Maryann swallowed. She had been ready to run if he was angry or strange, but didn’t feel the need now. The man didn’t talk like Birmingham people, she noticed.
‘Only a minute.’
‘What’re you doing out? It’s Christmas, ent it?’
Maryann shifted her weight from one foot to the other. She felt conscious of her stockings, wrinkled round her ankles. ‘Well, you’re ’ere.’
‘Well – yes, that’s true.’ She thought she heard him give a wheezy chuckle.
‘Why?’
He indicated the boat. ‘I live ’ere. We ent s’posed to be ’ere – brought a load of coal from Cannock to the Borax Works – before Christmas that was. And got blooming iced in, dint we? They ent ’ad the icebreaker out to free us up. I’ve been smashing it up at the edge ’ere to give ’er a wash out.’ He indicated the bucket. ‘Got to get the coal washed out, see, before we can put a new load in.’
Maryann nodded and moved closer. The long hold of the boat was black with coal dust and the rope fenders were grubby with it too, but apart from that she looked in good trim. She was painted red and yellow, with castles painted in the panels of the cabin doors, roses round the edge, and on the side of the cabin was painted her name, Esther Jane. Maryann looked at her with great curiosity, at the painted water can on the roof, the brass trimmings on her chimney, from which drifted dense yellow smoke. She looked round.
‘Where’s yer horse?’
‘Old Bessie? Stabled up. Having a rest.’
‘Can I see inside?’
The man smiled. She saw he had big, square teeth. The smile creased up his face and gave him a comical, cheeky look. ‘You’ll get dirty.’
Maryann shrugged. ‘Don’t matter.’
‘Come on then – just for a minute but mind where you put your ’ands.’
She thought he seemed pleased. He climbed aboard ahead of her and when she stumbled climbing down into the boat, he gripped her arm. He felt very big and burly and strong.
‘Go easy!’ Another low chuckle came from him. For some reason he seemed to find her rather amusing. ‘You don’t want to hurt yourself. Look – that’s the tiller – what we steer the boat with.

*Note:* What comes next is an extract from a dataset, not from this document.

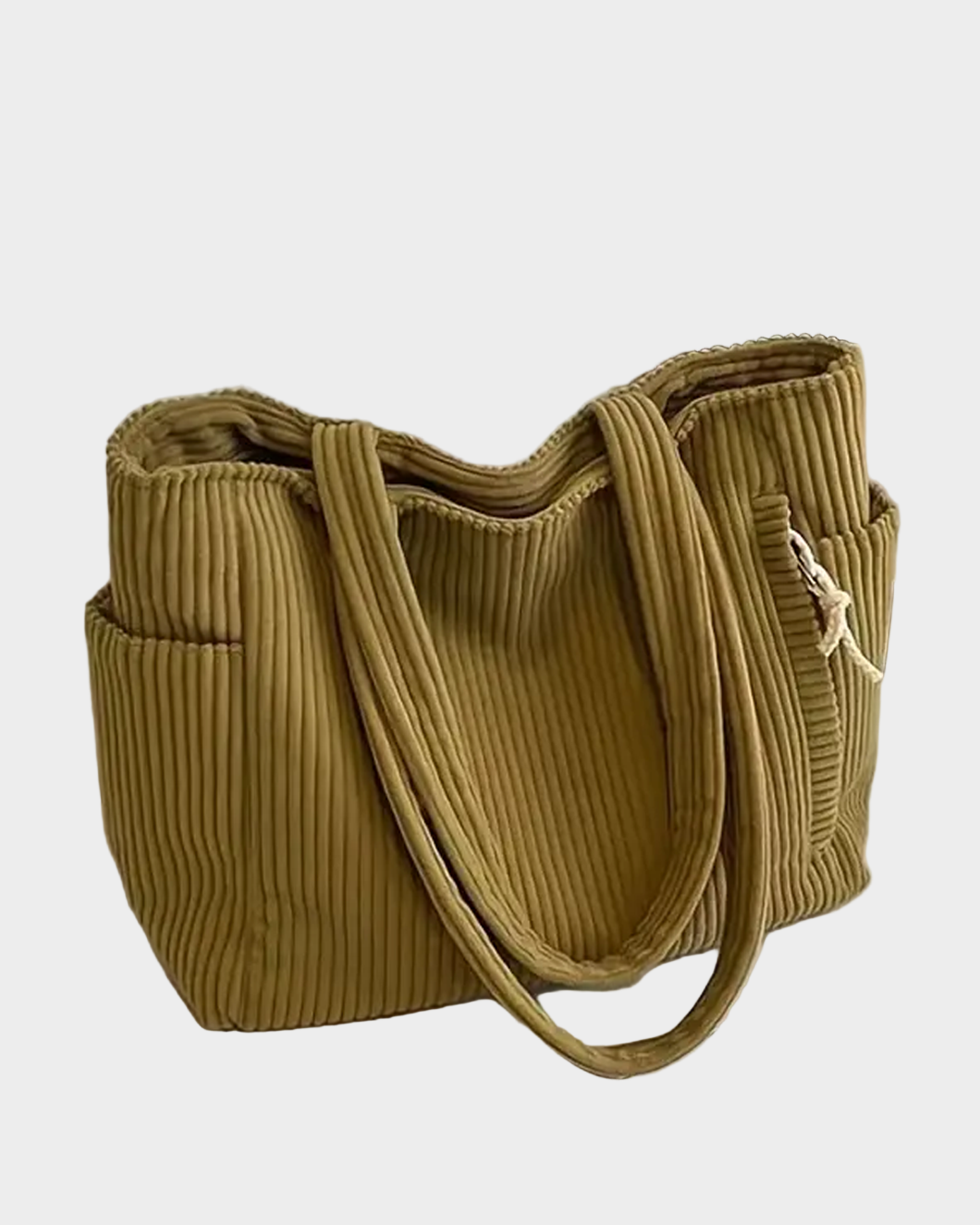 Knitted Shoulder Bag with Cord Detail and Modern Elegance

Now, come on in.’
He opened the cabin doors and Maryann found herself stepping down into a miniature house. The man, who was too tall to stand upright in the cabin, sat down on a bench along the side, and gestured for her to sit beside him.
‘There you go – this is our ’ome in ’ere.’

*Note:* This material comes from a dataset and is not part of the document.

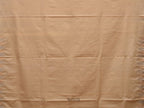Beige Khadi Cotton Handloom Saree with Temple Border Design - Global Threads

She gazed round, astonished. It was like being in a magic story where everything had shrunk. In front of her was a little black-leaded range, which made the cabin so stifling hot that Maryann unbuttoned her coat and took it off. There was a brown and white teapot and a big brass kettle, well polished, on the hob, which gave off a lovely warm glow. To
her right was what looked like a cupboard, which jutted out into the cabin, and further back, a little area where there was another bench, divided off by red and white check curtains, tied back at each side. On the near side of the cupboard and on shelves on the wall by the stove were pretty china plates, some with lattice edges with velvet ribbons threaded through and tied in a bow. The man watched her taking it all in with some amusement.

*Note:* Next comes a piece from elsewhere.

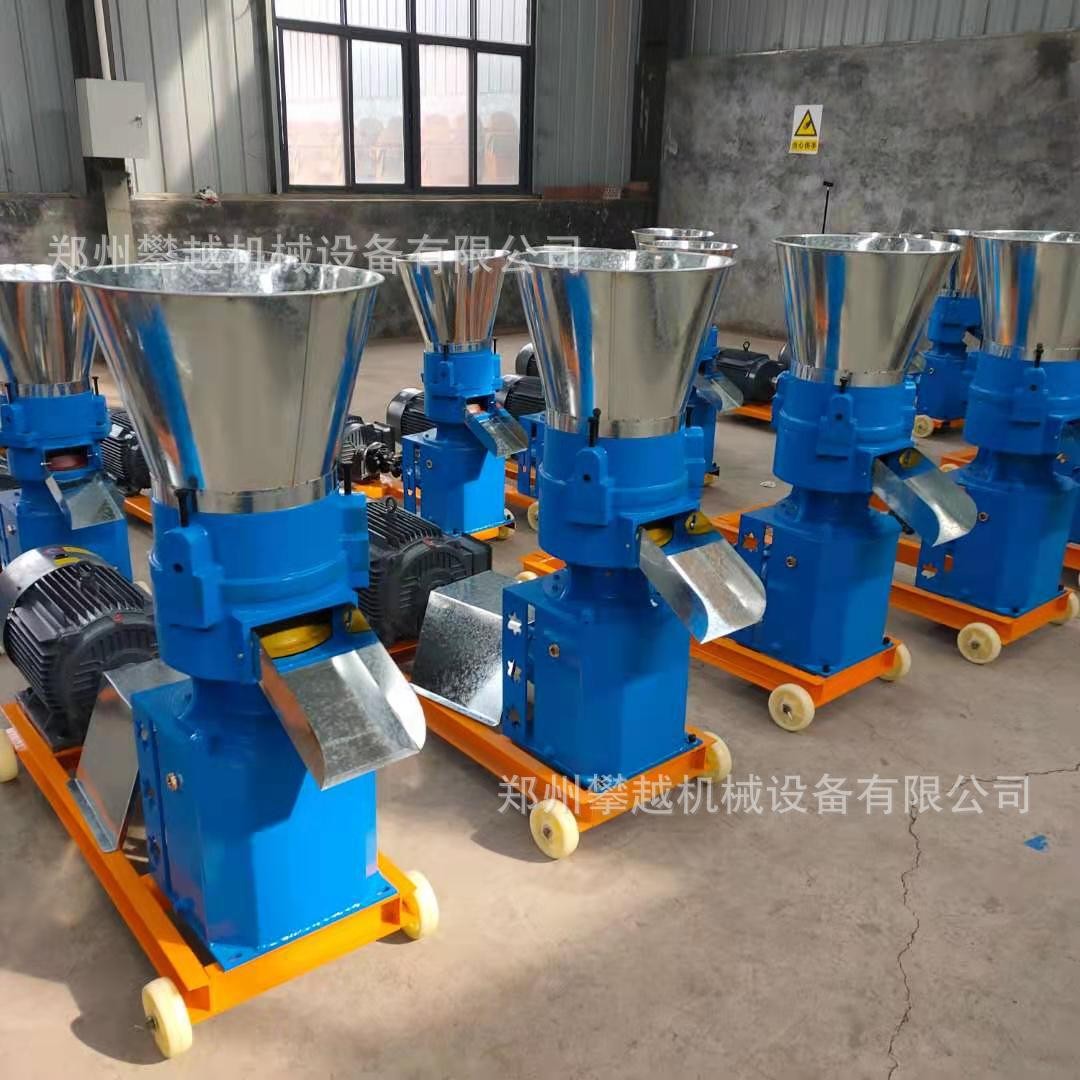 时产一吨饲料颗粒生产线 猪饲料颗粒机 玉米草料制粒机图4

‘We pull this down ’ere—’ He opened a small cupboard in front of him and the flap folded outwards. ‘That’s our table. That cupboard you can see’ – he pointed towards the back – ‘folds down for a bed.’
‘But it’s so . . . small!’
‘It’s small all right.’
‘Don’t you ’ave a house to live in an’ all?’
‘Nope. I was brung up on ’ere – lived ’ere all me life. Only time I been on the bank was in the war.’
She gaped at him. ‘I’ve never seen in one of these before.’
‘I can see that!’
‘Who lives on ’ere with you then?’
‘My dad, my little sister, Ada – she’d be a bit younger ’un you I’d think – and Jep, that’s our dog. They’ve gone off to get us some food and see about who’s going to get the ice broke up. We can’t stick around long, you see – ’ave to get moving. We was s’posed to be at Napton by Christmas but we got stuck ’ere. We ent starving yet though. ’Ere—’ He reached to a little shelf at the side of the cabin. ‘Want a bit of this?’
‘Ooh yes!’
She took the two thick squares of Cadbury’s chocolate, nibbled and sucked slowly, making them last. The man bit some off too, smiling at her enjoyment. He had such a kind face, she thought, somehow old and boyish at once.